I need 12-step meetings.
Last night was my first in a week, and that’s the longest I’ve gone between meetings since I began my recovery 51 days ago. I missed my usual Sunday and Tuesday meetings to spend time with Jenny and her parents, who were visiting from Los Angeles, and I had a lovely time with them. On Sunday we did a walking tour over the Brooklyn Bridge, and Tuesday night we went to the New York City Ballet for opening night of the spring season, an exquisite performance of modern classics by Balanchine.
This was all good, but by Wednesday and Thursday I was getting mawkish. Jenny had spent a lot of the time with her parents exploring her own past and theirs, and this led me into sentimental considerations of my own situation, especially as it pertains to my recovery from addiction. I was falling into the addict’s trap of looking back on the active addiction through rose-colored glasses, seeing it as sexy and adventurous and romantic. I was also feeling deeply lonely, and all of this was very much a self-absorbed mooning.
Last night’s meeting was a powerful corrective. There were several newcomers, all feeling the raw hurt and despair and terror and shame that I felt when I came in less than two months ago. There was nothing pretty about the pain they were feeling or the damage they felt so much shame for having done to their lives and to the people closest to them.
But there was hope, and I was not alone. We were in this together, and for 90 minutes I was pulled out of myself. I listened well last night and identified with much of what I heard. I was present for others, and they were present for me. And in those moments of being present for others, the whole question of life’s purpose simply disappeared.
Amazingly, what I experienced briefly last night is exactly what is described in the Ninth Step Promises (pp. 83-84 of the AA Big Book), which are read at every meeting:
If we are painstaking about this phase of our development, we will be amazed before we are half way through. We are going to know a new freedom and a new happiness. We will not regret the past nor wish to shut the door on it. We will comprehend the word serenity and we will know peace. No matter how far down the scale we have gone, we will see how our experience can benefit others. That feeling of uselessness and self pity will disappear. We will lose interest in selfish things and gain interest in our fellows. Self-seeking will slip away. Our whole attitude and outlook upon life will change. Fear of people and of economic insecurity will leave us. We will intuitively know how to handle situations which used to baffle us. We will suddenly realize that God is doing for us what we could not do for ourselves.

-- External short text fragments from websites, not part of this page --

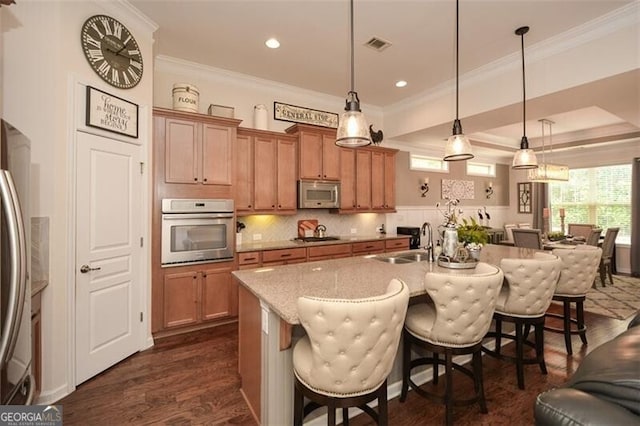 kitchen featuring dark wood-style floors, stainless steel appliances, visible vents, open floor plan, and a sink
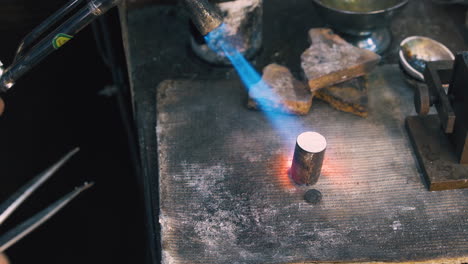 worker heats metal bar to make detail in workshop closeup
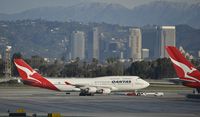 VH-OEJ @ KLAX - Getting at tow at LAX - by Todd Royer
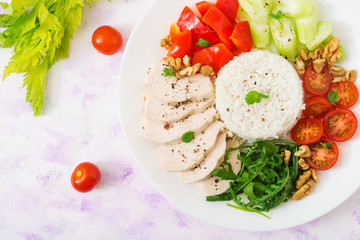 Diet food. Chicken breast with rice and vegetables. Healthy lifestyle. Sports nutrition. Flat lay. Top view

Are these extravagant promises? We think not. They are being fulfilled among us — sometimes quickly, sometimes slowly. They will always materialize if we work for them.
I’m not saying that I was fully conscious of every one of these promises being fulfilled in the moment, and I’m definitely not saying that these promises have come true in my life overall. I haven’t earned them yet, for one thing; there’s still a long journey for me before I take on Step Nine.
What last night taught me, though, is that the Ninth Step Promises are a wordy way of describing a state of Zen. Notice that they’re not promises about the world beyond the self, but about one’s own perception and understanding. In a Zen state, there is no self-seeking, no worry, no fear, only freedom and happiness and serenity and peace. We enter into these states when we are fully engaged in what we are doing, fully present in the most profound sense. That kind of engagement is what I need to bring into my life, and I believe that the Twelve Step tradition is right to suggest that service to others is a powerful way to achieve it.
Looks like something I will need to explore further.